Let’s say the Hamiltonian contains only the term $a^\dagger a$, but no term $aa^\dagger$. Then we can easily make one by using the anti-commutation relation: $$ a^\dagger a = \tfrac{1}{2} a^\dagger a + \tfrac{1}{2} a^\dagger a= \tfrac{1}{2} a^\dagger a - \tfrac{1}{2} aa^\dagger + \tfrac{1}{2}. $$ Look how the prefactors of $a^\dagger a$ and $aa^\dagger$ have opposite signs—just what we needed to get $H$ into the right form.

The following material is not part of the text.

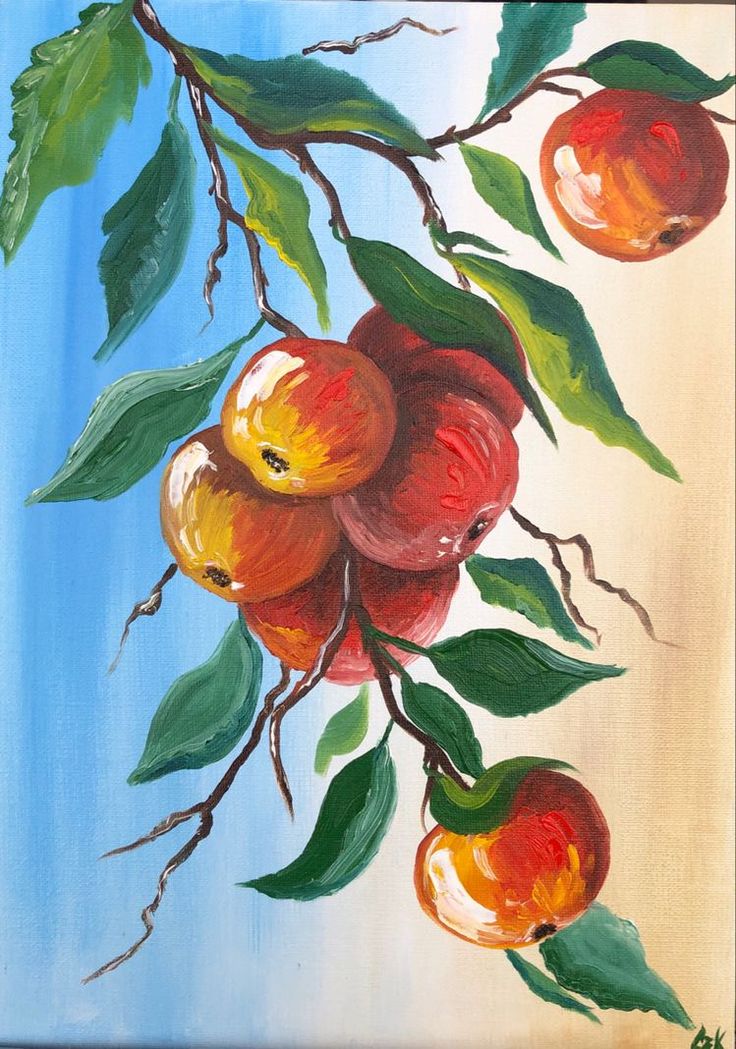 an oil painting of apples hanging from a tree branch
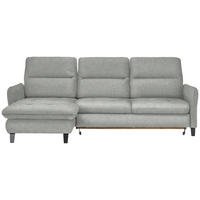ECKSOFA Hellgrau Flachgewebe  - Hellgrau/Schwarz, KONVENTIONELL, Textil/Metall (190/254cm) - Livetastic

Of course, we can just ignore the constant term $\frac{1}{2}$ at the end since it just offsets the whole spectrum of $H$ by a constant.

To summarise: If no $aa^\dagger$ is present, replace the $a^\dagger a$ term with $\frac{1}{2} a^\dagger a - \frac{1}{2} aa^\dagger$. Similarly for $a^\dagger a^\dagger$ and so on.

📝 An example

Back to our initial example $$H=a_1^\dagger a_1^{\phantom\dagger} + a_2^{\phantom\dagger}a_2^\dagger + 2a_1^\dagger a_2^\dagger + 2a_2^{\phantom\dagger}a_1^{\phantom\dagger}.$$ As mentioned, we have to bring it into a nice form, $$\begin{align}H&=\tfrac{1}{2}a_1^\dagger a_1^{\phantom\dagger}-\tfrac{1}{2}a_1^{\phantom\dagger} a_1^\dagger+\tfrac{1}{2}a_2^{\phantom\dagger}a_2^\dagger-\tfrac{1}{2}a_2^\dagger a_2^{\phantom\dagger}\\&\quad+a_1^\dagger a_2^\dagger - a_2^\dagger a_1^\dagger + a_2^{\phantom\dagger}a_1^{\phantom\dagger}-a_1^{\phantom\dagger}a_2^{\phantom\dagger}.\end{align}$$ which differs from the original one only by an additive constant (omitted here). Now we can read off the matrices $$A=\begin{pmatrix}\frac{1}{2}&0\\0&-\frac{1}{2}\end{pmatrix},\quad B=\begin{pmatrix}0&1\\-1&0\end{pmatrix}.$$ Therefore, $$D=\begin{pmatrix}\frac{1}{2}&0&0&1\\0&-\frac{1}{2}&-1&0\\0&-1&-\frac{1}{2}&0\\1&0&0&\frac{1}{2}\end{pmatrix}.$$ This matrix has the two positive eigenvalues $\omega_1=\frac{1}{2}$ and $\omega_2=\frac{3}{2}$; the corresponding normalised eigenvectors are $$x_1=\tfrac{1}{\sqrt 2}(0,-1,1,0)^t,\quad x_2=\tfrac{1}{\sqrt 2}(1,0,0,1)^t.$$ Now the transformation matrix is $$T=(x_1,x_2,Jx_1,Jx_2)=\frac{1}{\sqrt 2}\begin{pmatrix}0&1&1&0\\-1&0&0&1\\1&0&0&1\\0&1&-1&0\end{pmatrix}.$$ This means that $$a_1=\tfrac{1}{\sqrt 2}(b_2+b_1^\dagger),\quad a_2=\tfrac{1}{\sqrt 2}(-b_1+b_2^\dagger)$$ and $$H=b_1^\dagger b_1^{\phantom\dagger} + 3 b_2^\dagger b_2^{\phantom\dagger} + \mathrm{const}.$$

🤯 Another example that initially confused me

When I wrote the first draft for this post, I randomly picked the Hamiltonian $$H=a_1^\dagger a_1^{\phantom\dagger}+a_2^{\phantom\dagger}a_2^\dagger+a_1^\dagger a_2^\dagger + a_2^{\phantom\dagger}a_1^{\phantom\dagger}$$ which you can bring into the form (up to an additive constant, as usual) $$H=\tfrac{1}{2}(a_1^\dagger a_1^{\phantom\dagger}-a_1^{\phantom\dagger} a_1^\dagger+a_2^{\phantom\dagger}a_2^\dagger-a_2^\dagger a_2^{\phantom\dagger}+a_1^\dagger a_2^\dagger - a_2^\dagger a_1^\dagger + a_2^{\phantom\dagger}a_1^{\phantom\dagger}-a_1^{\phantom\dagger}a_2^{\phantom\dagger}).$$ If you do all of the above steps—diagonalising the matrix $D$ and ordering its eigenvectors to form the matrix $T$—you eventually end up with the transformed Hamiltonian $$H=2b^\dagger b.$$ Yes. Only one mode. Where did the other one go?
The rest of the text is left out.